Transcribe word for word the section of the records below that opens with the line containing "NAKED 3LB egg" and closes with the line containing "TB12 Plant Based"; drop every picture.

§ Short descriptive text snippets
::::::::::
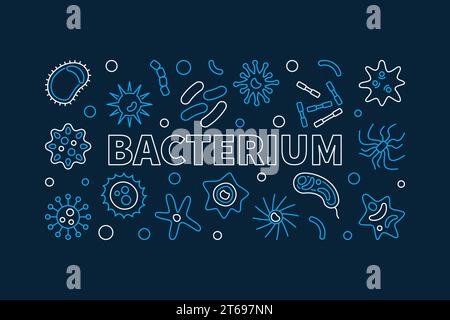 Kreatives horizontales Bacterium-Banner. Blaue Illustration der Vektor-Mikrobiologie mit Bakterienkonzept Kontursymbole auf dunklem Hintergrund Stock Vektor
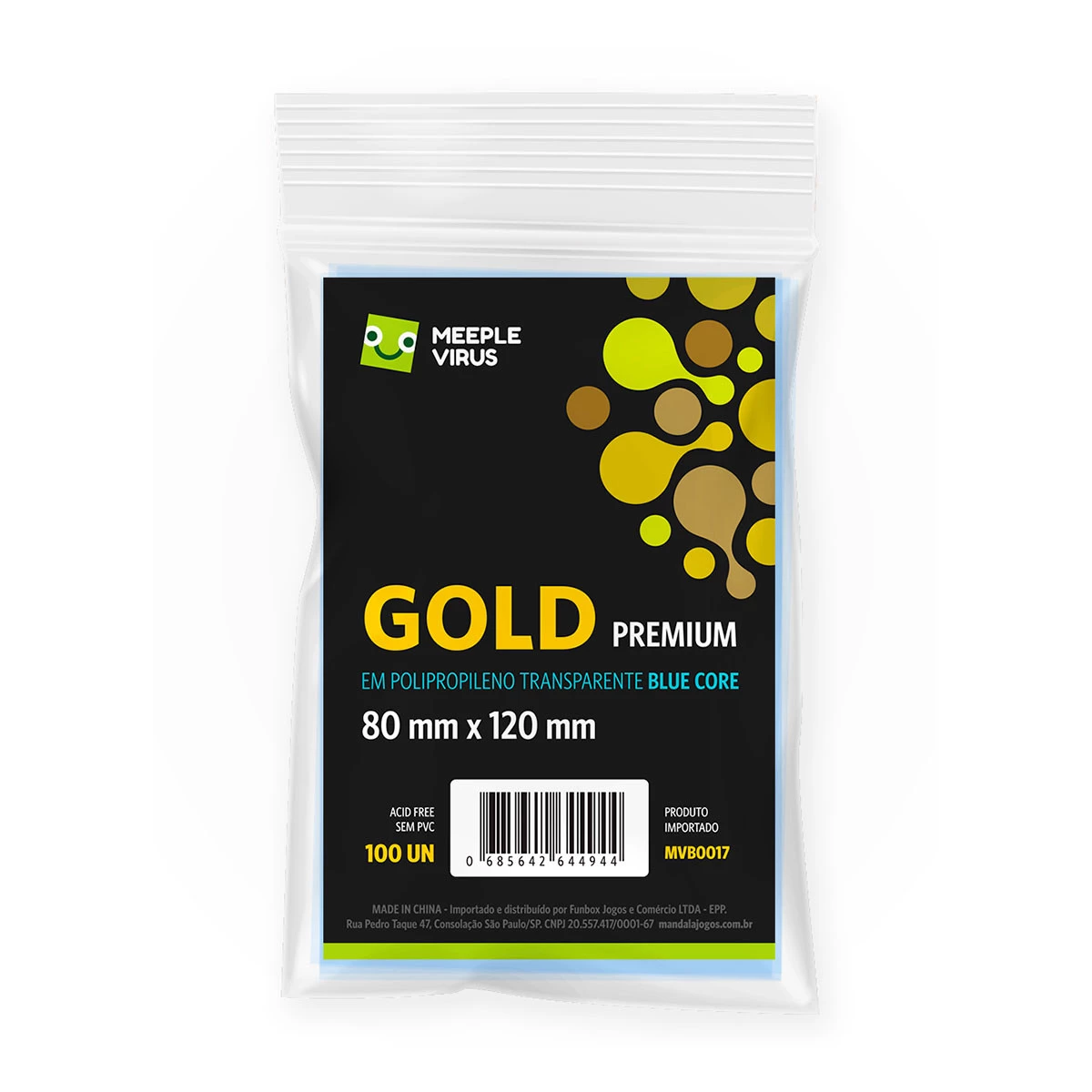 Sleeve Gold (80 mm x 120 mm) - Meeple Virus Blue Core PREMIUM - Playea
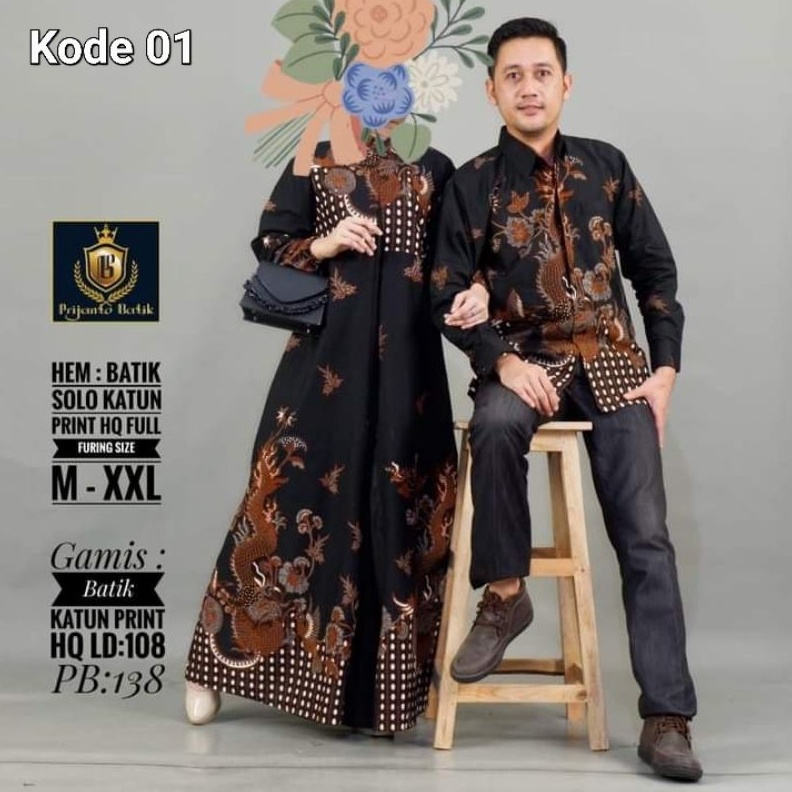 KODE E35W Couple Gamis Batik Premium ORI Solo Termurah Terbaru Terlaris Viral Sarimbit Batik Gamis S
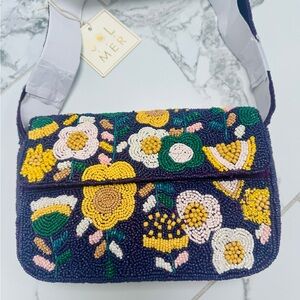 Viral TikTok Beaded Bag Floral Purple Shoulder Bag - NWT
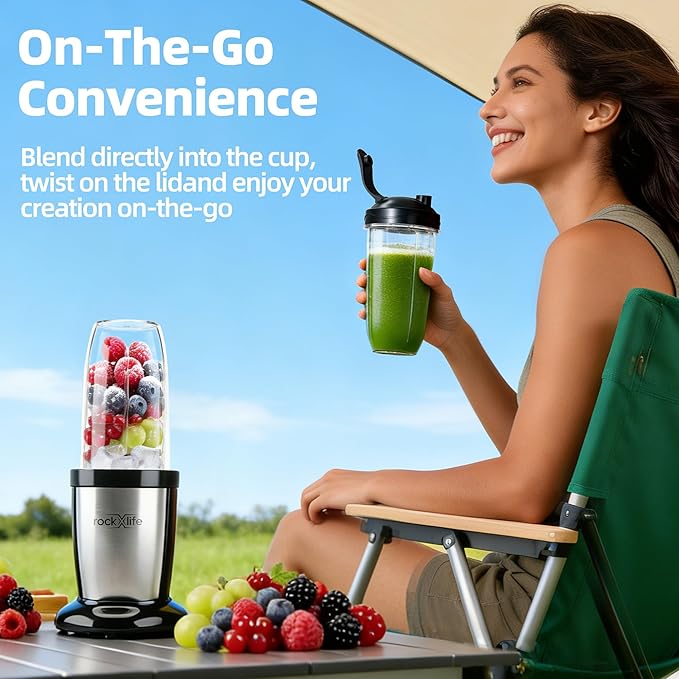 Personal Blender for Smoothies and Shakes, 2-in-1 Bullet Grinder with 24oz To-Go &10oz Cup Portable Ice Crushing Mini, BPA-Free&Dishwasher Safe, Protein Shake Maker,Silver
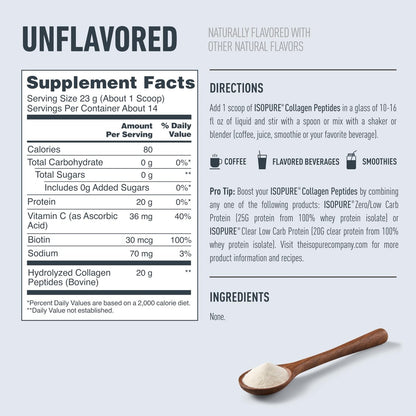 Isopure 20g Grass-Fed Collagen Peptide mit Biotin + Vitamin C – Unterstützt Haut, Haare, Nägel & Gelenke – Ungesüßt, Keto-freundliches Kollagenpulver, 14 Portionen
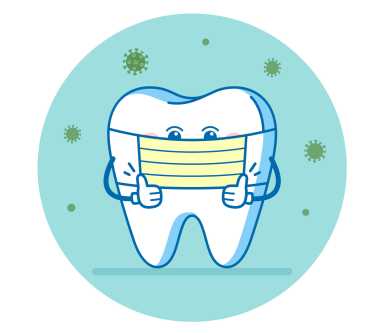 The tooth using surgical mask for preventing the spread of COVID-19 or Coronavirus. Dental illustration or sign for informing patients.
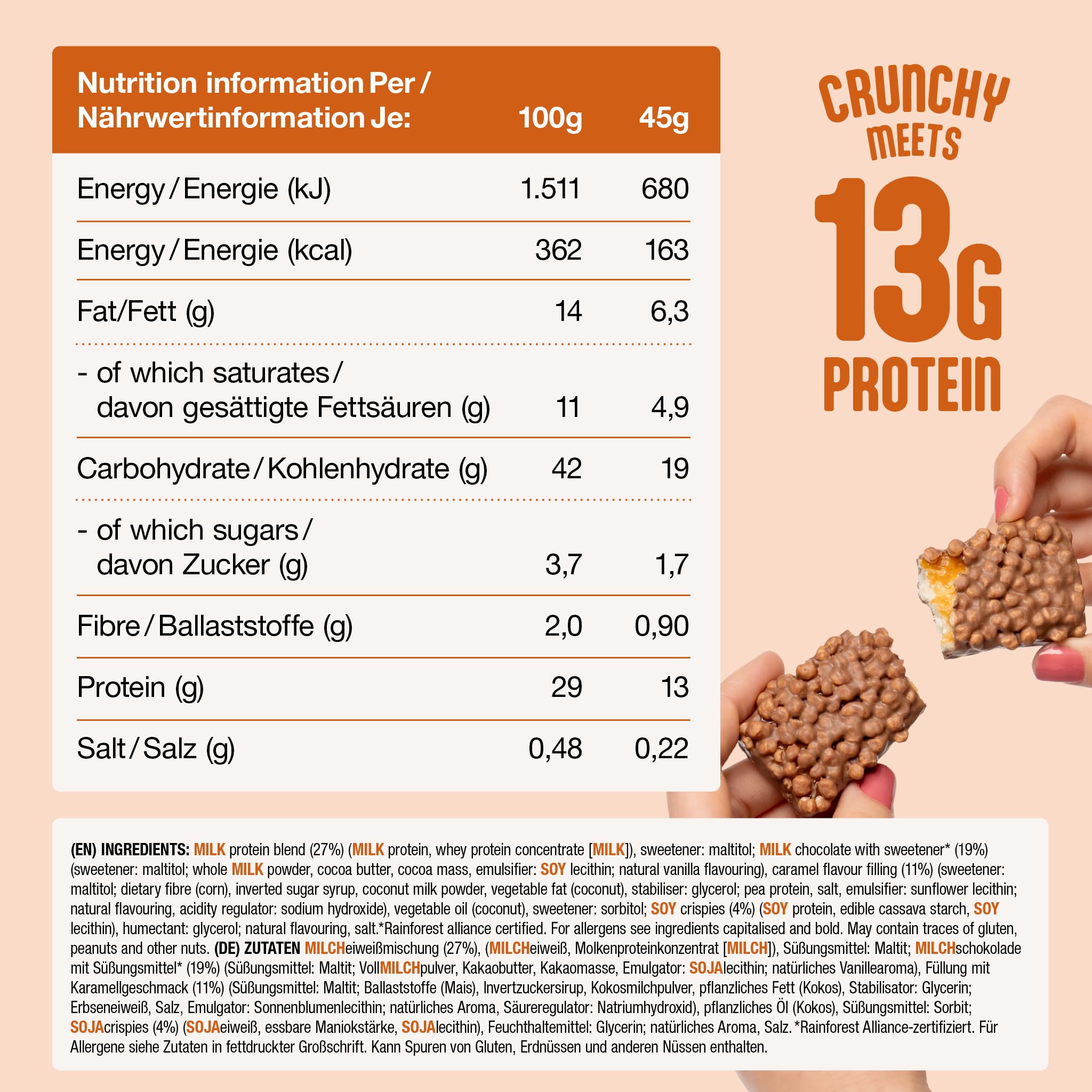 Nupo Proteinriegel Peanut Caramel Crunch | 13 g Protein pro Riegel | Wenig Zucker | Glutenfrei | 45 g x 12 Pack | Eiweißriegel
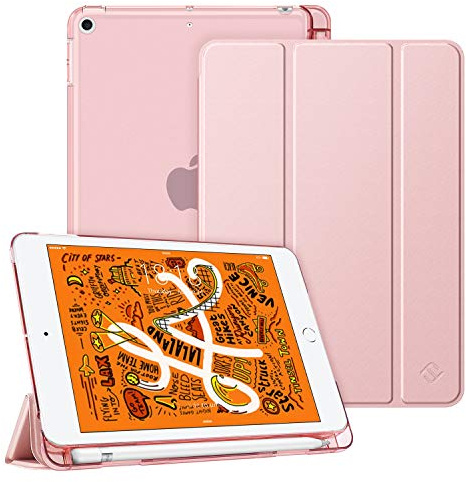 FINTIE Fodral för iPad Mini 5e Gen 7,9 2019 - tunt lätt halvgenomskinligt skydd, fodral med pennhållare för sömnfunktion/automatisk väckarklocka (roséguld)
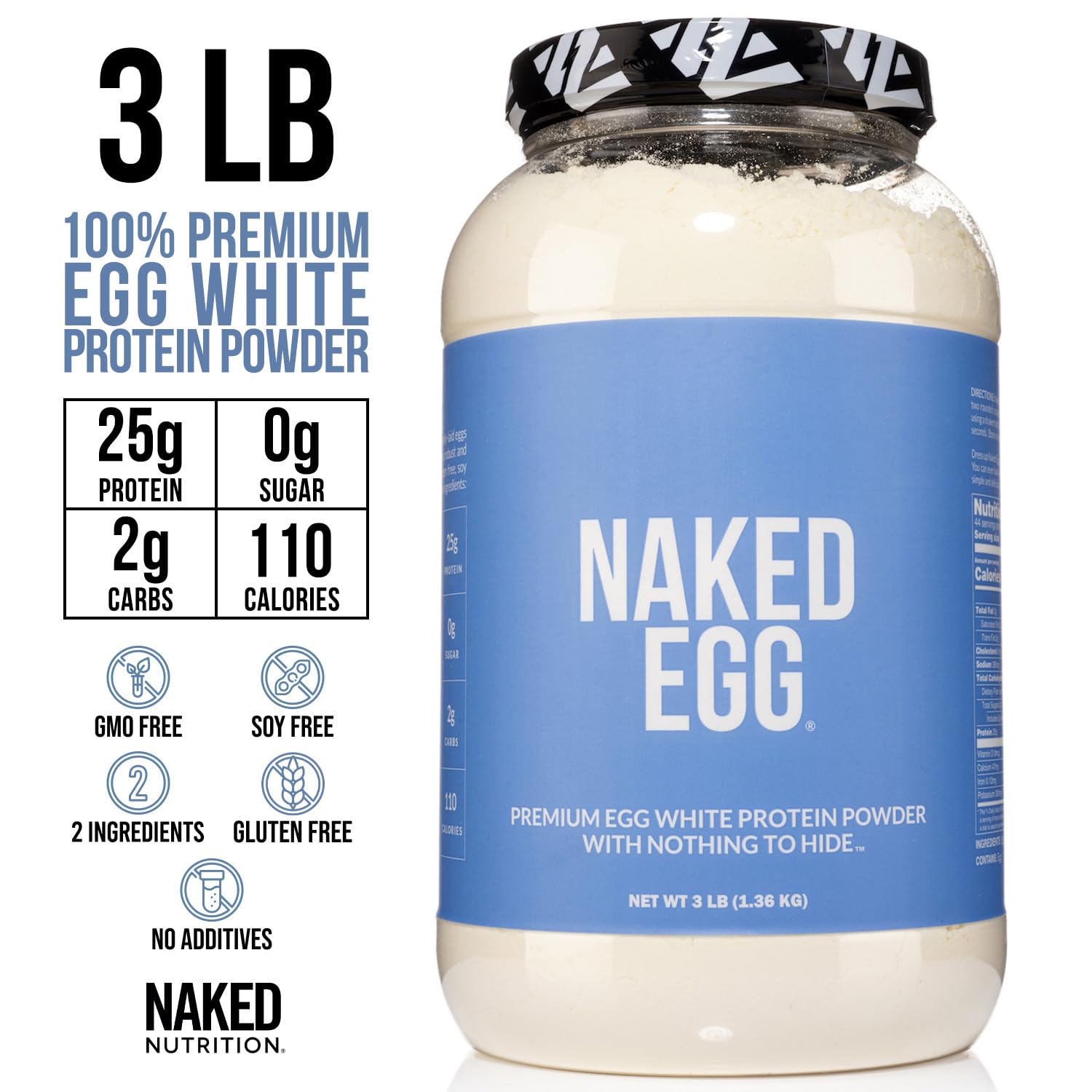 NAKED 3LB egg white protein powder-dissolve—smooth texture in beverages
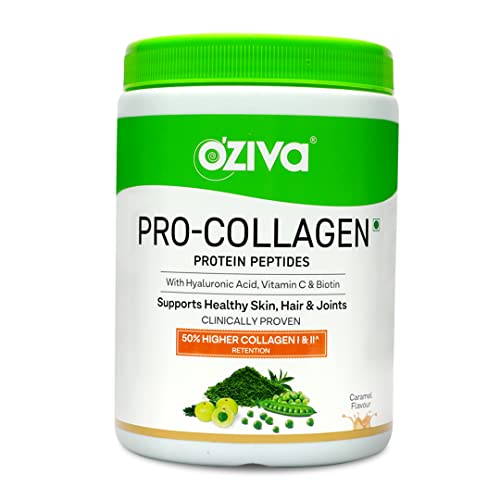 OZiva Pro Collagen Protein Peptides | Skin and Hair Health | Caramel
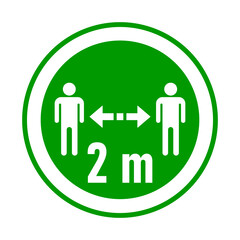 Keep Your Distance 2 m or 2 Metres Round Coronavirus Warning Sticker or Badge Icon. Vector Image.
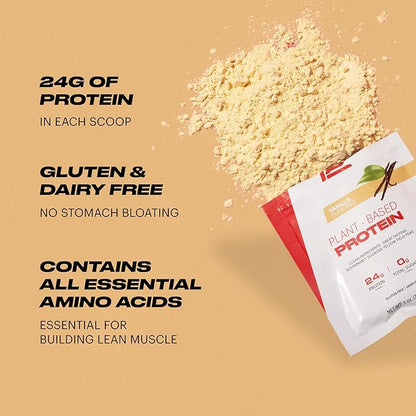 TB12 Plant Based Protein Powder by Tom Brady, 24g of Vegan Pea Protein, Low Sugar, Low Carb, Non-GMO, Meal Replacement, Keto Friendly, Paleo, Sugar Free, Vanilla Flavor (1.12 Ounce, Pack of 12)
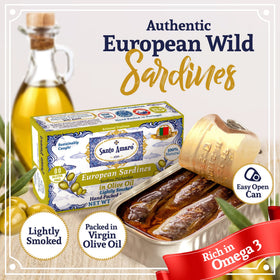 Santo Amaro wild-caught sardines on plate highlighting protein-rich seafood for salads.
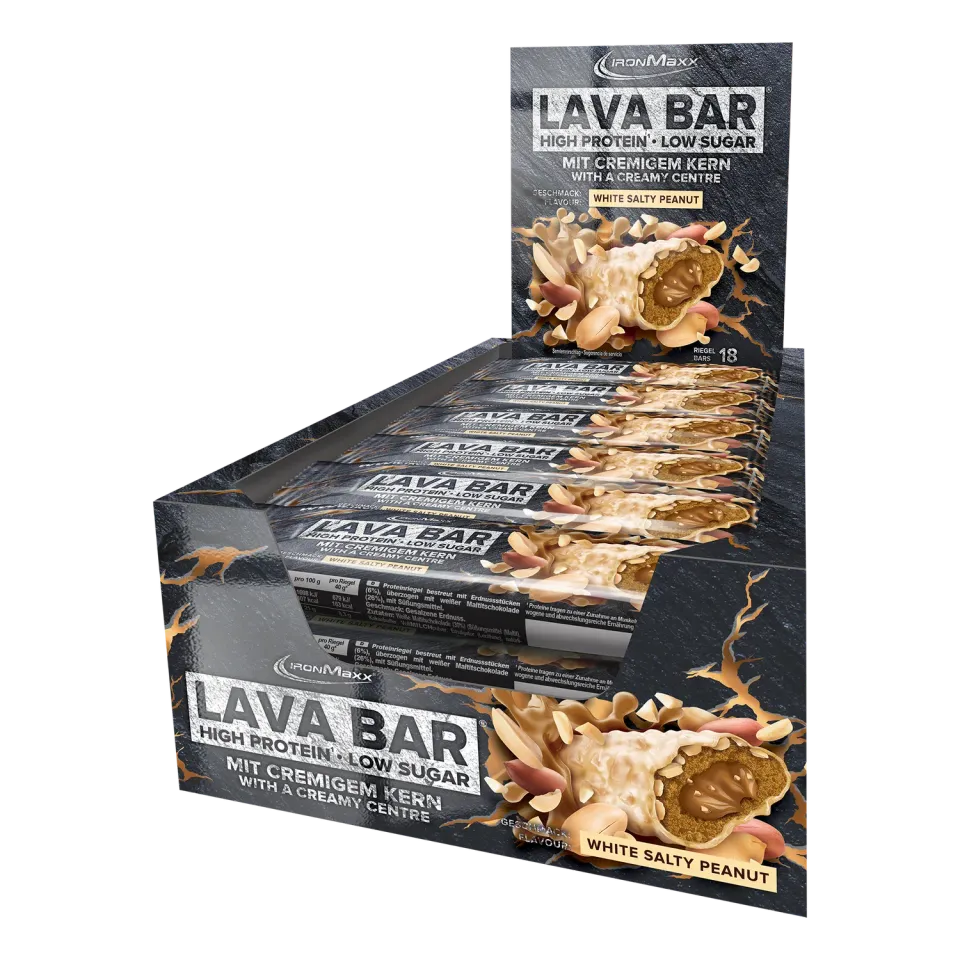 Iron Maxx Lava Bar Proteinriegel White Salty Peanut 18 x 40 g proteinreich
::::::::::
§ RESPONSE
 NAKED 3LB egg white protein powder-dissolve—smooth texture in beverages
 OZiva Pro Collagen Protein Peptides | Skin and Hair Health | Caramel
 Keep Your Distance 2 m or 2 Metres Round Coronavirus Warning Sticker or Badge Icon. Vector Image.
 TB12 Plant Based Protein Powder by Tom Brady, 24g of Vegan Pea Protein, Low Sugar, Low Carb, Non-GMO, Meal Replacement, Keto Friendly, Paleo, Sugar Free, Vanilla Flavor (1.12 Ounce, Pack of 12)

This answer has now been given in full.